Dans le livre commémoratif Terre des Hommes/Man and His World, l’auteure Gabrielle Roy raconte sa visite du site six mois avant l’ouverture : « C’était l’ébauche fort avancée d’une ville, en partie sortie de l’eau, en partie entourée d’eau, une ville singulière faite non pas pour être habitée, mais seulement visitée. (…) Dès que j’eus mis le pied, je me sentis transportée ailleurs. Mille détails, mille aperçus de l’ensemble me saisirent, me captivèrent et m’enchantèrent. (…) Tout cela dessinait un paysage à l’image de l’homme moderne comme je n’en avais encore vu nulle part. »
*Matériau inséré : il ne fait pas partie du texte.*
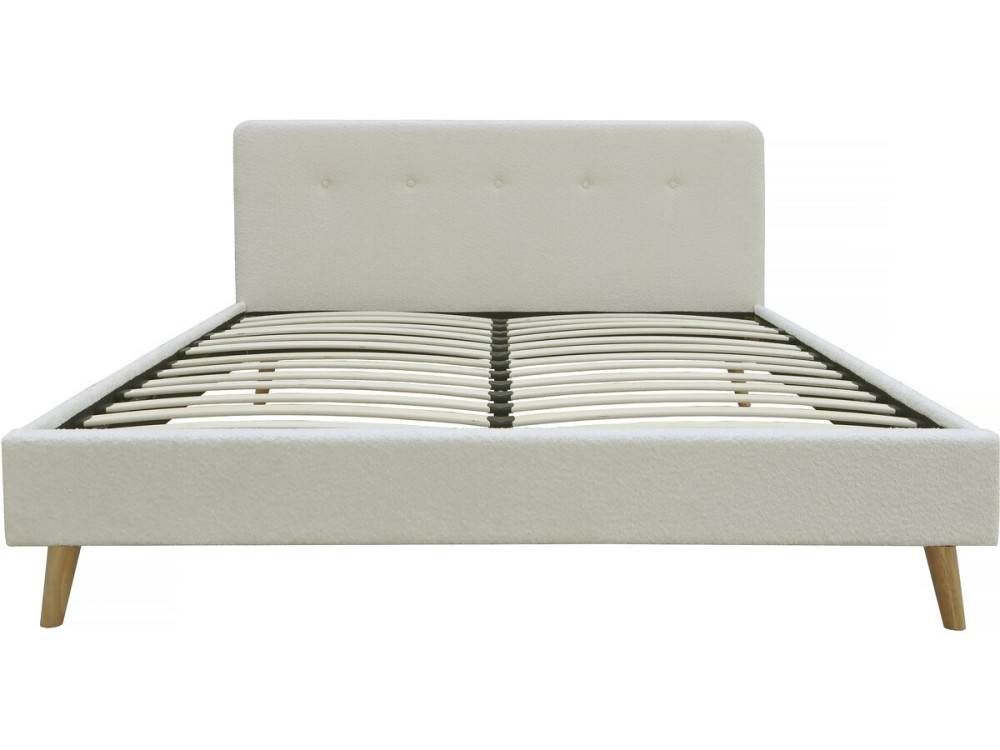 Doppelbett aus Bouclé-Stoff "Nemo" 160 x 200 cm  - Creme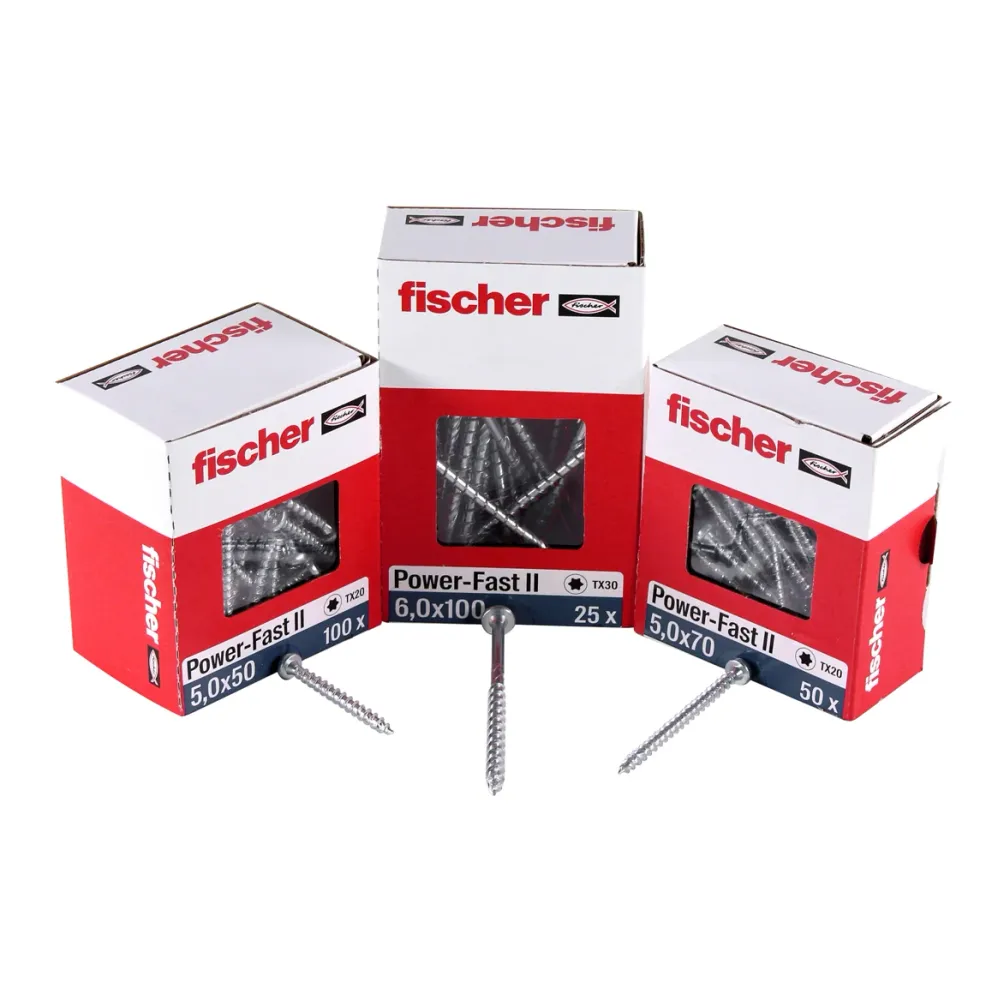 Fischer Power-Fast II FPF II tornillos para aglomerado 5,0x90 mm 200 piezas (670385) cabeza avellanada con rosca parcial T...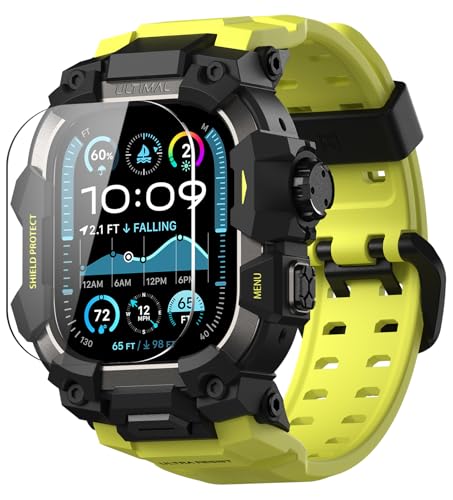 Image of ULTIMAL Rugged Case with Band for Apple Watch 49mm,Compatible with Apple Watch Ultra 3 /2 /1, Military Grade Shockproof Bumper Cover for iWatch Tactical Band Men (49mm,Fluorescent Green)
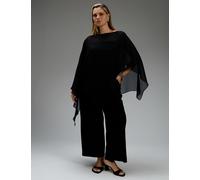 Live Unlimited London Asymmetric Slash Neck Cape Top Black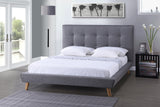 Baxton Studio Jonesy Scandinavian Style Mid-century Grey Fabric Upholstered Queen Size Platform Bed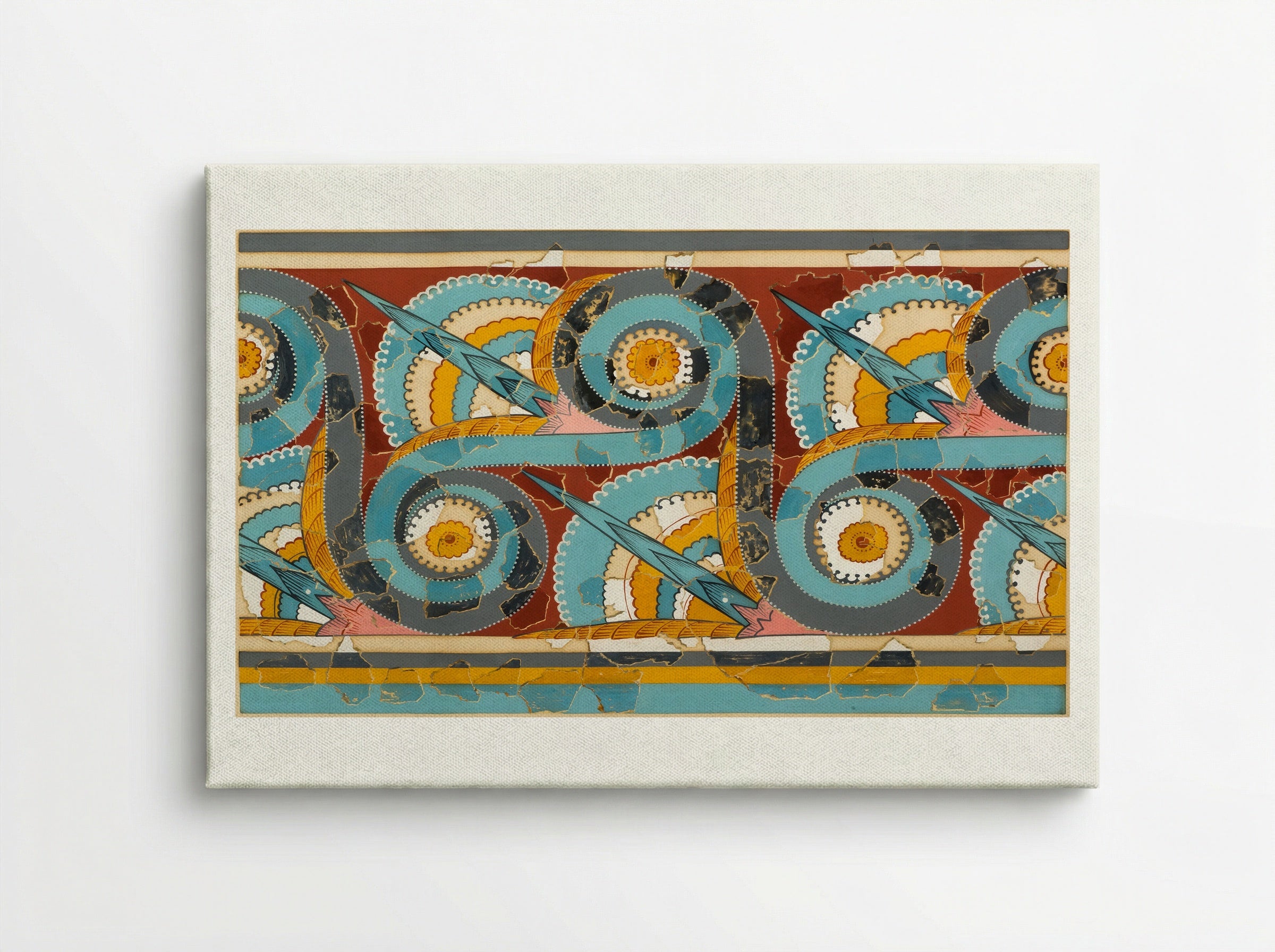 Ornamental Frieze (after a wall painting from the Palace of Tiryns, Argolis) - Fine Art Print - Canvas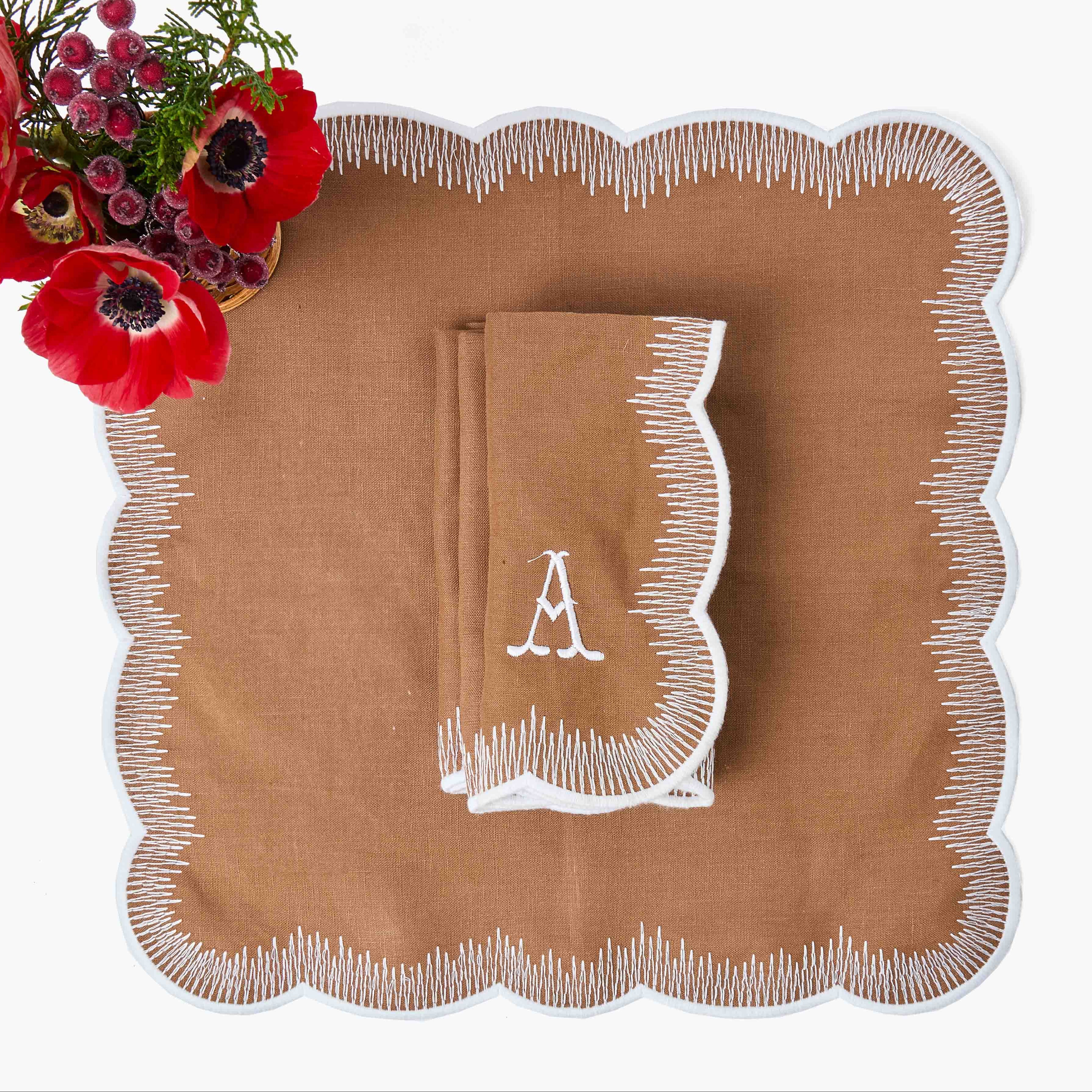 Alathea Caramel Linen Napkins (Set of 4)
Robert Fulford abonde dans le même sens : « Il y avait tant de nouveau et tant d’inusité, tant d’audace même, qu’on croyait voir naître un monde nouveau en architecture, qu’on pensait assister au début d’une révolution. »
Expo 67 aura permis toutes les folies, cubistes ou traditionnelles, en bardeaux, en faïence, en acier, en béton ou en rondins. Le pavillon allemand était une tente en plastique de 15 étages. Le pavillon néerlandais, un gigantesque assemblage de tubes d’aluminium. Avec Habitat 67 et le dôme géodésique, les architectes Moshe Safdie et Buckminster Fuller donnent à Montréal deux monuments qui lui seront indissociablement liés.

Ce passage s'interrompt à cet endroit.